HRC Foundation announced that HRC President Alphonso David will kick off a cross-country interfaith religion and faith tour, “Coming Home to Faith: A Search for Common Ground,” to explore and strengthen the relationship between LGBTQ and faith communities across the United States. The tour officially launched today with a visit to the Historic African Episcopal Church of St. Thomas in Philadelphia, Pa. 

“The cornerstones of religion and faith and the LGBTQ movement are the same: inclusion and justice. LGBTQ people are in every faith tradition, and LGBTQ people and people of faith have more similarities than they do differences,” said HRC President Alphonso David. “I am excited to visit diverse houses of worship to strengthen HRC’s relationships with faith communities. Today’s visit to the Historic African Episcopal Church of St. Thomas in Philadelphia, the first African Episcopal church in the United States with a strong legacy of humanitarianism and community outreach, is the perfect way to begin this series of conversations to advance dialogue and initiatives around LGBTQ equality.” 

David joined the Very Reverend Canon Martini Shaw at the pulpit for St. Thomas’s Sunday morning service this morning, March 1. View video of his remarks here. The visit to St. Thomas comes after David attended services at Mother Emanuel AME Church in Charleston, South Carolina on February 23 and met with the Senior Pastor of Mother Emanuel, Rev. Eric Manning. 

“We were thrilled to welcome Alphonso David and representatives from HRC at the Historic African Episcopal Church of St. Thomas this morning,” said the Very Reverend Canon Martini Shaw. “St. Thomas has a history of engaging in outreach to the community around us and ensuring that the welcoming love we see in the Gospels is felt by everyone we serve -- including LGBTQ people. As we begin the season of Lent, we encourage everyone to reflect on the ways in which people of faith can begin finding common ground with LGBTQ people in their communities.” 

At St. Thomas this morning, as part of HRC’s Get Out The Vote (GOTV) efforts, HRC volunteers were on hand to help members of the congregation update their voter registration information, and asked members to pledge to increase participation in upcoming elections by bringing their friends and family with them to exercise their right to vote. 

There is a persistent myth that a person cannot be LGBTQ and also a person of faith, or vice versa -- whether because there is a perception that being religious is in conflict with being LGBTQ, or because the loudest narratives in media are those of anti-LGBTQ religious people. In fact, LGBTQ people of faith live in every state and country around the world, and many people of faith support the LGBTQ community. 

Data released last year by PRRI show that solid majorities in all major religious groups support laws protecting LGBTQ people from discrimination.

“We were honored to kick off the HRC Foundation’s ‘Coming Home to Faith: A Search for Common Ground’ tour at the Historic African Episcopal Church of St.
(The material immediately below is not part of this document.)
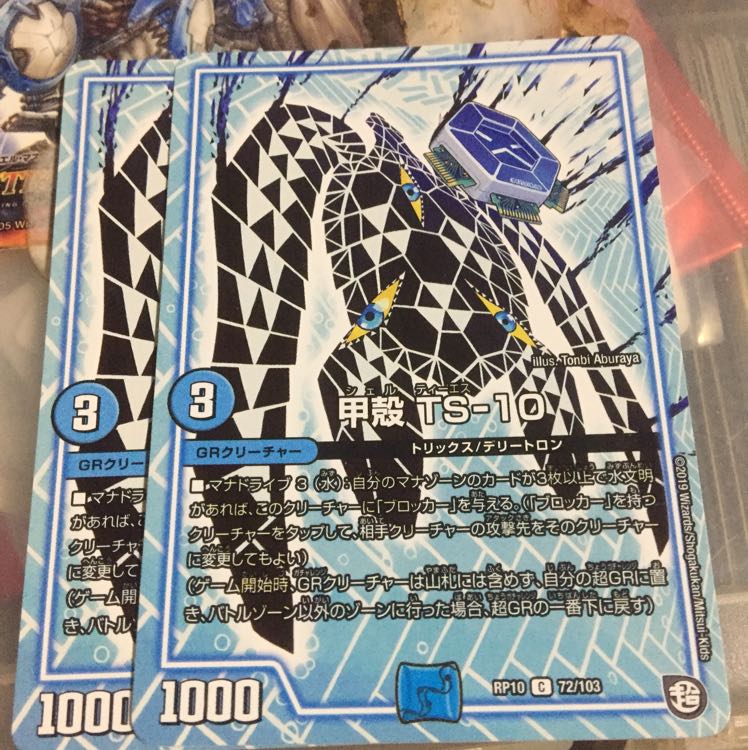 甲殻 TS-10 2枚セット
Thomas this morning,” said HRC Foundation Religion & Faith Program Director Michael Vazquez. “In the course of the tour, HRC President Alphonso David will visit houses of worship across the country, including Historic Black Churches, evangelical churches, synagogues, mosques and other religious and faithful spaces. As the tour progresses, we will work towards the goal of finding common ground between the LGBTQ community, LGBTQ people of faith and communities of faith, while we work to advance justice and equity for the whole LGBTQ community.”

The purpose of “Coming Home to Faith: A Search for Common Ground” is to work to establish common ground with prominent houses of worship and faith traditions across the country. Ensuring equity and justice for all people, while giving all individuals the space and freedom to be fully themselves, is a message inherent in all major religions and faith traditions and is the cornerstone of the LGBTQ movement. If LGBTQ people and people of faith can speak together, our voices and impact will carry that message that much farther. Making sure that that message is heard loud and clear in the 2020 elections has never been more important.